Do outro lado da cidade, na Galeria do Fotógrafo, também distribuída em quatro andares, a retrospectiva de Moriyama acaba com qualquer sentido da fotografia como um objeto de arte rarefeito. Enquanto as imagens de Sugimoto são claras, grandes, refinadas, singulares e preciosas, as de Moriyama são múltiplas, democráticas, envolventes, rápidas e aleatórias, e variadas em tamanho, material e apresentação.
“Quando as pessoas percebem que o tempo que supostamente viveram na verdade não tem substância”, disse Moriyama, “elas tendem a ser tomadas pelo medo e por uma apreensão indescritível sobre a incerteza excessiva de tudo isso”. No final, acrescentou, “a existência humana não tem essencialmente nada em que confiar”. Exibido em papel de parede, em grades, projeções, fotocópias, montagens conceituais, folhas de contato e livros, seu trabalho abraça o fluxo sombrio da vida que não pode ser contido, mas deve de alguma forma ser preservado.
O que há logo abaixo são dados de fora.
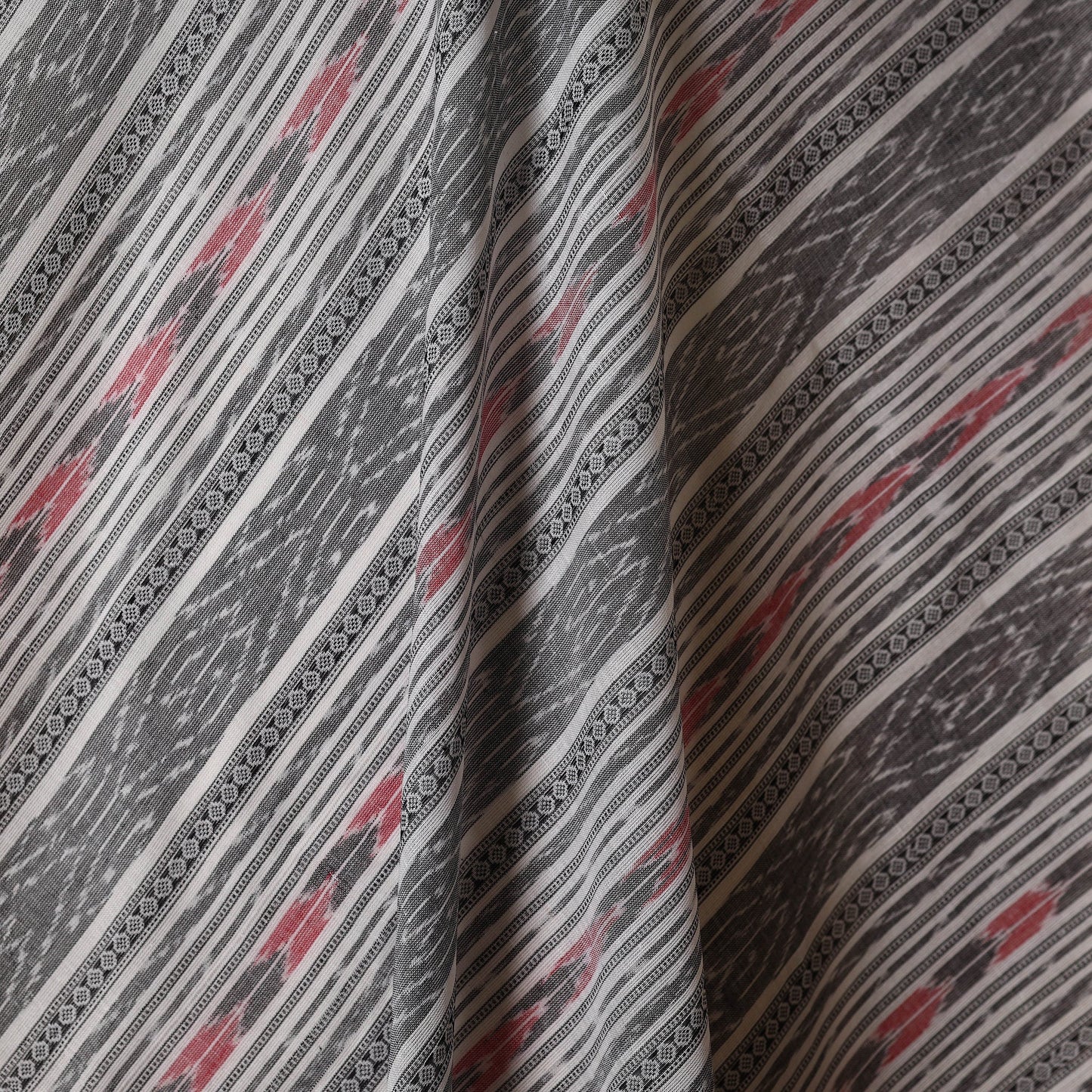 Grey - handloom cotton sambalpuri ikat fabric 29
Os temas de Moriyama são acidentes, conflitos políticos, tédio urbano, solidão, bens comerciais baratos, todos os detalhes do cotidiano – tantos quantos possíveis – captados de passagem e impressos em preto e branco de alto contraste. Ângulos extravagantes, close-ups extremos, fragmentos desfocados e cortes descentrados e deliberadamente desajeitados dominam a profusão de imagens dispostas em exibições não lineares que deixam a interpretação para o espectador: uma boca aberta, uma marquise de cinema, um menino brincando com uma bola, Lyndon B … Johnson na tela da televisão, uma multidão de policiais no meio da noite, um gato preto no corredor.
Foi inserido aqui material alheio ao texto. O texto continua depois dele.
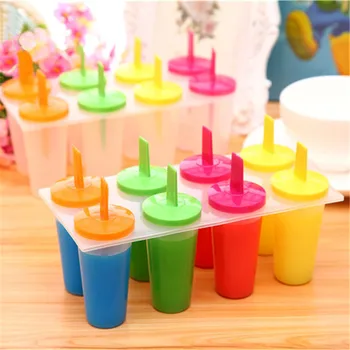 

8 Cell Ice Pops Mold Ice Cream Lolly Maker Popsicle Molds Baby DIY Food supplement tool Fruit Shake Ice Cream Mold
Em sua série “Accident”, de 1969, combinações caóticas embaralham a perspectiva, ao mesmo tempo em que visam a onipresença do sensacionalismo da grande mídia. As séries posteriores são mais íntimas e melancólicas. “Farewell Photography” (1972) reúne imagens que normalmente podem ser consideradas erros — granuladas, borradas, fora de foco (são, burar, quadris em japonês) — para desmantelar as expectativas fotográficas de clareza e verdade.
Em “Memórias de um Cachorro” (1982), realizado em um período de crise criativa, Moriyama revisita locais de sua infância peripatética em busca de cenas que refletissem seu atual estado interior: rolos de filme, uma mão contra o céu, uma cerejeira em flor – como se a fotografia fosse uma forma de viagem no tempo, fazendo a ponte entre o passado e o presente.
Que mundo uma fotografia mostra? É um disco ou uma obra de arte? Como Moriyama se perguntou: “Qual é a obra que une a luz, o tempo e o mundo visível?” Nestas duas exposições, que encorajam um olhar lento, cuidadoso, por vezes arrebatador, não há – o que é refrescante – nenhuma necessidade de resposta.